Headquarters of Shakespeare Association of America to be housed at university
MARCH 8, 2018 BY
Karen Raber, a University of Mississippi English professor who specializes in Renaissance literature with an emphasis on ecostudies, animal studies and posthumanist theory, has been officially announced as executive director of the Shakespeare Association of America, a national organization dedicated to the work of William Shakespeare.
The nonprofit, professional organization advances the academic study of Shakespeare’s plays and poems along with his cultural and theatrical contexts and their roles in world culture. The association, founded in 1972, is housed at Georgetown University in Washington, D.C.
The headquarters of the organization will move to the Ole Miss campus, and the executive director is the main point of contact for all members.
“I was delighted and a tiny bit terrified,” said Raber of hearing the news. “This is a huge job, with a lot of moving parts, and so the challenge of taking it on is going to be enormous.
“Plus, the previous executive director, Lena Orlin, has been a brilliant administrator for the organization, so I have a high standard to live up to.”
Raber replaces Orlin, an English professor at Georgetown University, and assumes the new position June 1, though she will be involved in planning for next year’s conference and board meetings during this year’s meeting in March.
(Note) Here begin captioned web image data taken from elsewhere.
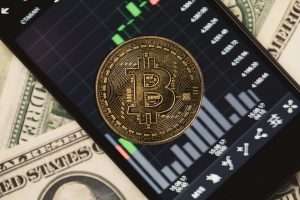 Биткойн торгуется выше ценового уровня 10 000 долларов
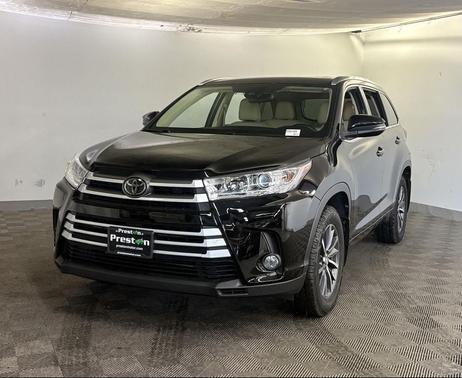 Midnight Black Metallic 2017 Toyota Highlander XLE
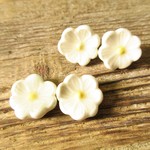 白いお花のピアス／イヤリング ※チタンポスト
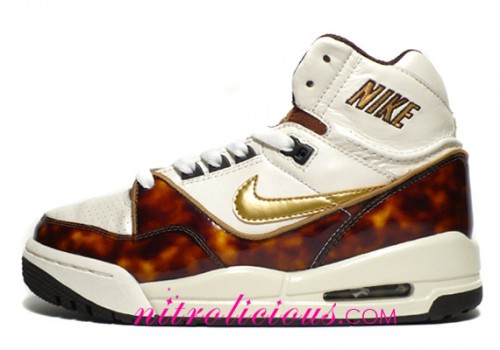 Nike WMNS Air Assault High   Tortoise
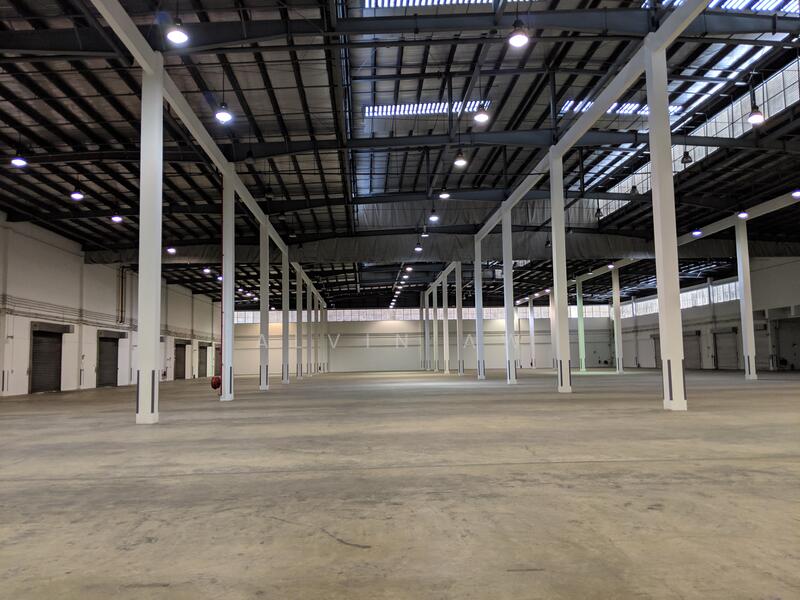 Tuas Warehouse | 40ft Ramp Up | High Ceiling | Dedicated Loading Bays | Very Wide Access
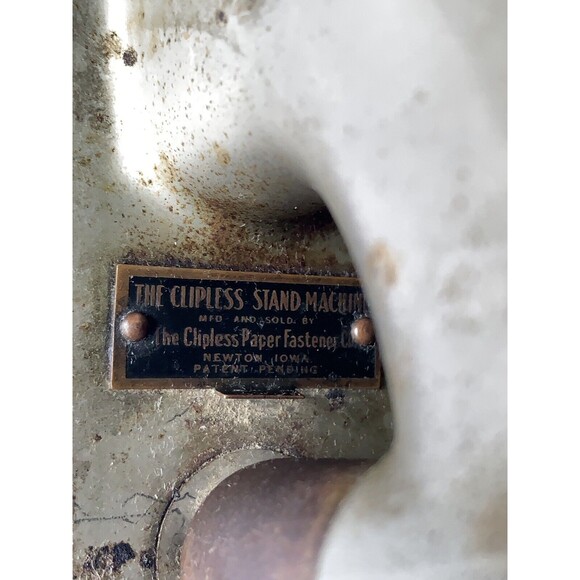 Clipless Stand Machine Made by Clipless Paper Fastener Co Newton Iowa Working - Picture 5 of 9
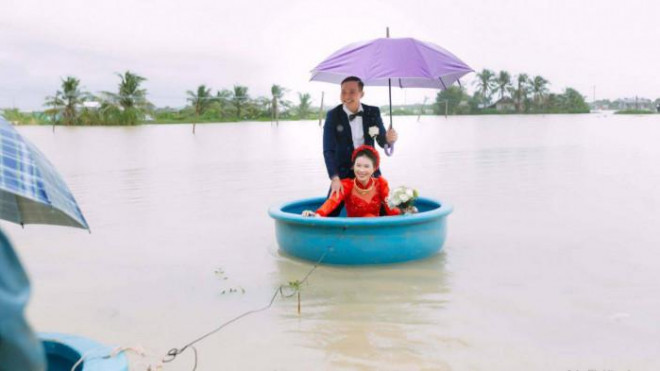 Dù vậy, cả hai đều tỏ ra rất vui vẻ trong ngày rước dâu đặc biệt này. Ảnh: Võ Thành Lượng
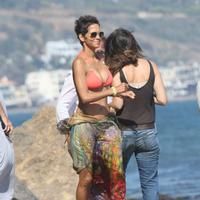 Halle Berry spends her 45th birthday on Malibu Beach photos | Picture 59755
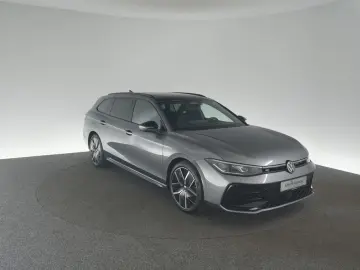 Passat Var 2.0 TSI 4M DSG R-Line Matrix Pano AHK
The role is a part-time appointment, meaning Raber will continue to work and teach at Ole Miss.
Raber’s new role will require a commitment from the university, in both funding and space, but Raber said UM Department of English Chair Ivo Kamps and liberal arts Dean Lee Cohen worked to put the necessary resources into Raber’s position.
“I was elated when Karen got the news,” Kamps said. “This is an impressive achievement for her and for the English department. … Karen has been an incredibly productive and well-respected scholar over the last two decades, and she has reached that point in her career where she’s nationally and internationally recognized.
“After doing important work in the fields of gender studies and early modern British literature, Karen has in recent years expanded her scope to include, first, early modern environmental literature and culture and then the burgeoning field of animal studies, in which she is a true pioneer. Her work has always been historically informed, theoretically and sophisticated, and cutting edge, and her work in animal studies has created a new scholarly paradigm in which other scholars can work and flourish.”
Raber’s appointment as executive director of the Shakespeare Association of America is not only a clear recognition of her qualities but also of the rising esteem of UM, Kamps said. The position has typically been held by a professor from an elite Northeastern university, with Orlin holding the post since 1996.
“Karen’s appointment suggests the premier Shakespeare literary association in the world is pleased to be associated with the University of Mississippi,” Kamps said.
Orlin said the association has long been known for the uniquely democratic nature of its core activity: research seminars, in which scholars of different backgrounds, ranks and approaches come together to advance the state of knowledge about plays and poems that find new fans with every generation.
“‘Shakespeare’ is a language that crosses all borders,” she said. “I know that Karen Raber shares the values that have always guided the officers of the SAA, and I am glad that the organization will be in her good hands going forward.”
Raber joined the UM faculty in 1995, after earning her bachelor’s degree from Yale University and her master’s and doctoratal degrees from the University of California at San Diego. She is the author of three monographs, including “Shakespeare and Posthumanist Theory,” which is being released April 5 by The Arden Shakespeare.
Raber also is the author of 2013’s “Animal Bodies, Renaissance Culture,” a finalist for the 2015 Association for the Study of Literature and Environment Book Award, and “Dramatic Difference: Gender, Class and Genre in the Early Modern Closet Drama,” published in 2001.
She is the co-editor of several other works, including “Early Modern Ecostudies: From the Florentine Codex to Shakespeare” with Kamps and Tom Hallock, associate publisher of Beacon Press in Boston.
In 2014, Raber was honored with the UM Faculty Achievement Award.
The Shakespeare Association of America holds an annual conference each spring for association members to exchange ideas and strategies on Shakespeare, including a program of working research seminars. The association’s 46th annual meeting is March 28-31 in Los Angeles. The association also sponsors a number of seminars and workshops each year.
More than 400 years after his death, the study of Shakespeare is as relevant as ever, said Raber, who started working on Shakespeare with Louis Montrose, a well-known Shakespeare and Renaissance literature scholar, when she worked on her Ph.D. at the University of California at San Diego.
“As my work progressed and changed, shifting toward early modern ecostudies, animal studies and posthumanist theory, Shakespeare’s plays and poems became an even more important touchstone for these developing and important approaches,” she said. “Plus, my teaching has always included a healthy dose of Shakespeare here, where the Shakespeare lecture and other courses on his plays are very popular, and once were required for all majors.”